To my horror, I realized that I am probably older than Harry’s very cool grandmother, and that his mother could be my daughter. But I am not relegated to that spot in this book’s emotional offering, because I remember vividly what it was to be a seventeen-year-old gay teenager, in a very different world than the one Harry is lucky enough to inhabit. The author very neatly acknowledges the reality of the 21st century, but also offers emotional truths that struck me as universally applicable, even going back two generations.
There is no pat happy ending offered up here. Instead, what we get are possibilities and potential. There really is no happier ending for teenagers than this, and it warmed my heart to read it.
By Robby Weber
Published by Inkyard, 2022
Five stars
Robby Weber’s gentle, textured story of Harry Kensington, a Florida high-schooler with a head full of dreams, is a romantic comedy, but also rather more than a romantic comedy. It embraces wholeheartedly the idea of romantic love, while offering a surprisingly pointed look at the sharp-edged realities beneath the popular mythology that has clouded rational thought for at least two centuries now (I’m talking about Jane Austen).

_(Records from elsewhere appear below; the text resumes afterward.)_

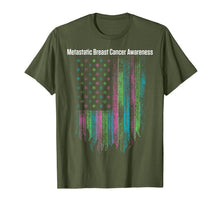 Load image into Gallery viewer, Metastatic Breast Cancer Awareness Flag Warrior T-Shirt
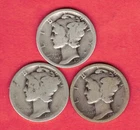 THREE MERCURY DIMES:  1919-P, 1920-P, 1920-D, .217 Troy Oz ASW ~ $18 SILVER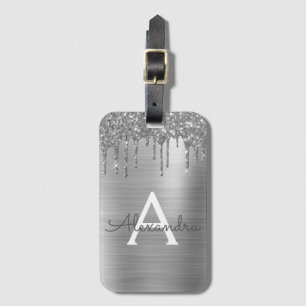 Étiquette À Bagage Monogramme de nom en métal brossé avec paillettes 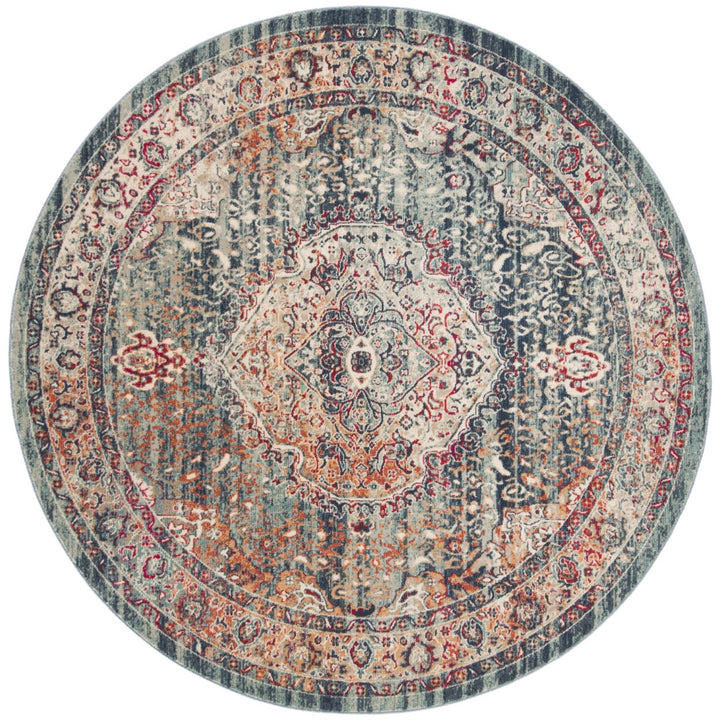 SAFAVIEH Merlot Collection MER314N Navy / Aqua Rug Image 4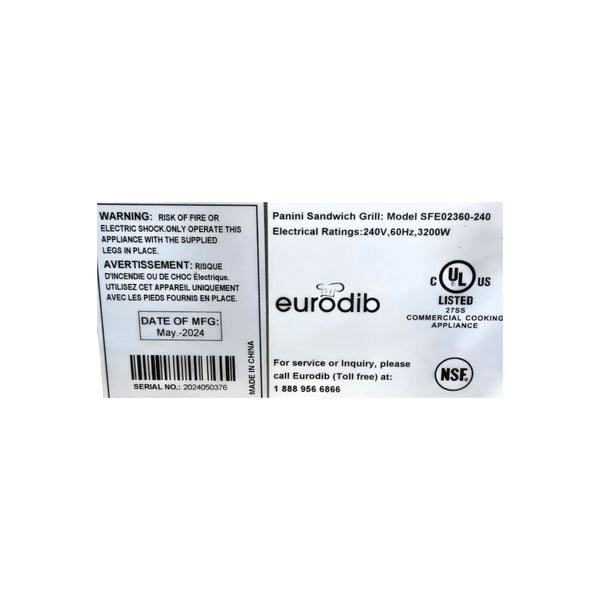 Eurodib SFE02360-240 Double Panini Grill - 18 x 11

While the central focus is teenage romance and all its fraught-ness, there is adult love, too, which anchors the narrative and provides a double-edged reality check—Harry’s twice-divorced mother, and Logan’s happily married aunt and uncle. The very idea of “happily ever after” starting in high school is questioned, which I found a great comfort.
Harry is an appealing, intelligent teenager. He loves his mother and his two sisters, who live in affectionate chaos in a Florida shore town as his mother builds a successful business. Harry has dreams of becoming a screenwriter in Hollywood, and has pinned his dreams on a competition promising a star recommendation to University of Southern California, (USC, known semi-fondly as the University of Spoiled Children). I bring that up because Harry is a spoiled child—not in a negative way, but in that he lives a pretty charmed life. Although it is never stated bluntly, he is clearly good-looking as well as smart. But also goofy, and of course gay, which makes him special to me.
The complicated back story is heartbreak at the hands of Harry’s ex, Grant Kennedy, who disappeared to UCLA without so much as a fare-thee-well. That complication is compounded by the appearance of a new face, Logan Waters, in town for the summer visiting his aunt and uncle. Logan sparks new romantic dreams in Harry, who struggles to focus on the screenwriting competition in order to fulfill his career-based romantic dreams.
Oddly enough, there are no real bad guys in this story, and one of the book’s charms is that Weber makes sure we understand that. These are teenagers. They do stupid things and people get hurt. As Logan even says outright at one point (I paraphrase): we’re kids, we’re just figuring things out. Love is a complicated and confusing emotion—including love of family and friends. Weber handles it all in a light rom-com vein, without shying away from painful introspection.
To my horror, I realized that I am probably older than Harry’s very cool grandmother, and that his mother could be my daughter. But I am not relegated to that spot in this book’s emotional offering, because I remember vividly what it was to be a seventeen-year-old gay teenager, in a very different world than the one Harry is lucky enough to inhabit. The author very neatly acknowledges the reality of the 21st century, but also offers emotional truths that struck me as universally applicable, even going back two generations.
There is no pat happy ending offered up here. Instead, what we get are possibilities and potential. There really is no happier ending for teenagers than this, and it warmed my heart to read it.